## Prompt
Skip the pictures and give back the rest of the listing exactly.

___ Raw data

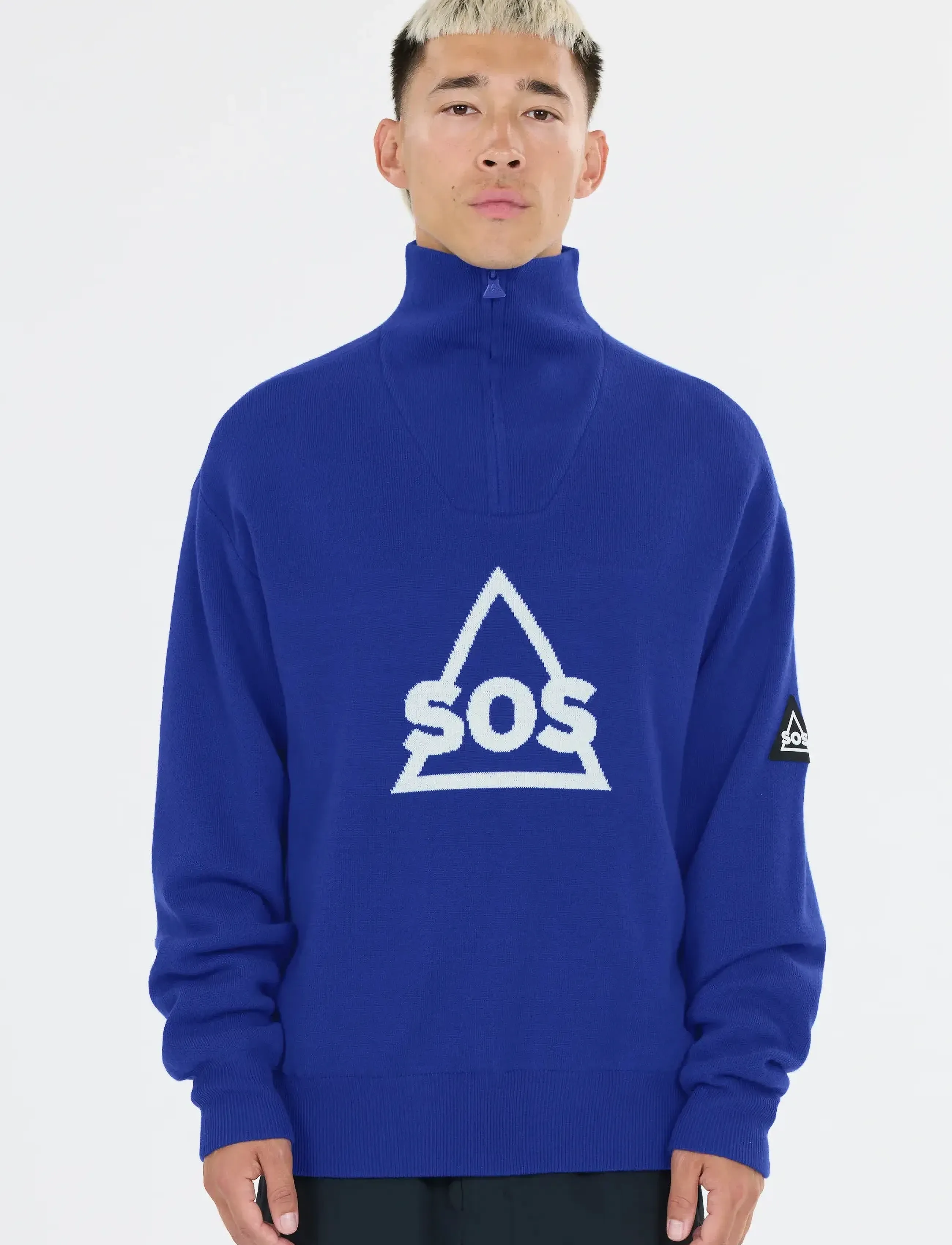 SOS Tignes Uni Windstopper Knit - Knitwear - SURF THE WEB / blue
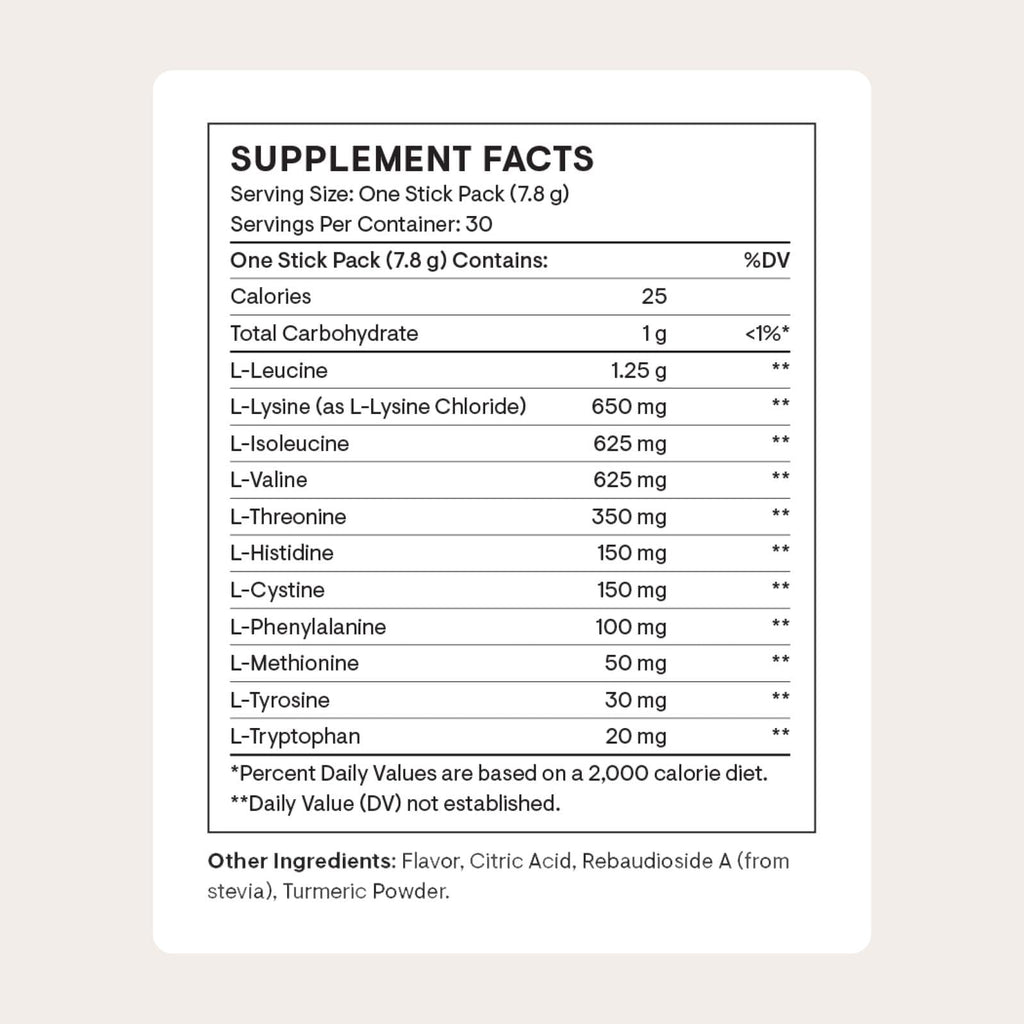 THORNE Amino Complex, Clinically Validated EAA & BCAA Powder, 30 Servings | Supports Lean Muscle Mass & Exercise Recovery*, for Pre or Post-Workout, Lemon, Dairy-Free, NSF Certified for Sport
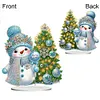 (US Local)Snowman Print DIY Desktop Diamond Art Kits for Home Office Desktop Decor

______

## Output for this task
 SOS Tignes Uni Windstopper Knit - Knitwear - SURF THE WEB / blue
 THORNE Amino Complex, Clinically Validated EAA & BCAA Powder, 30 Servings | Supports Lean Muscle Mass & Exercise Recovery*, for Pre or Post-Workout, Lemon, Dairy-Free, NSF Certified for Sport
 (US Local)Snowman Print DIY Desktop Diamond Art Kits for Home Office Desktop Decor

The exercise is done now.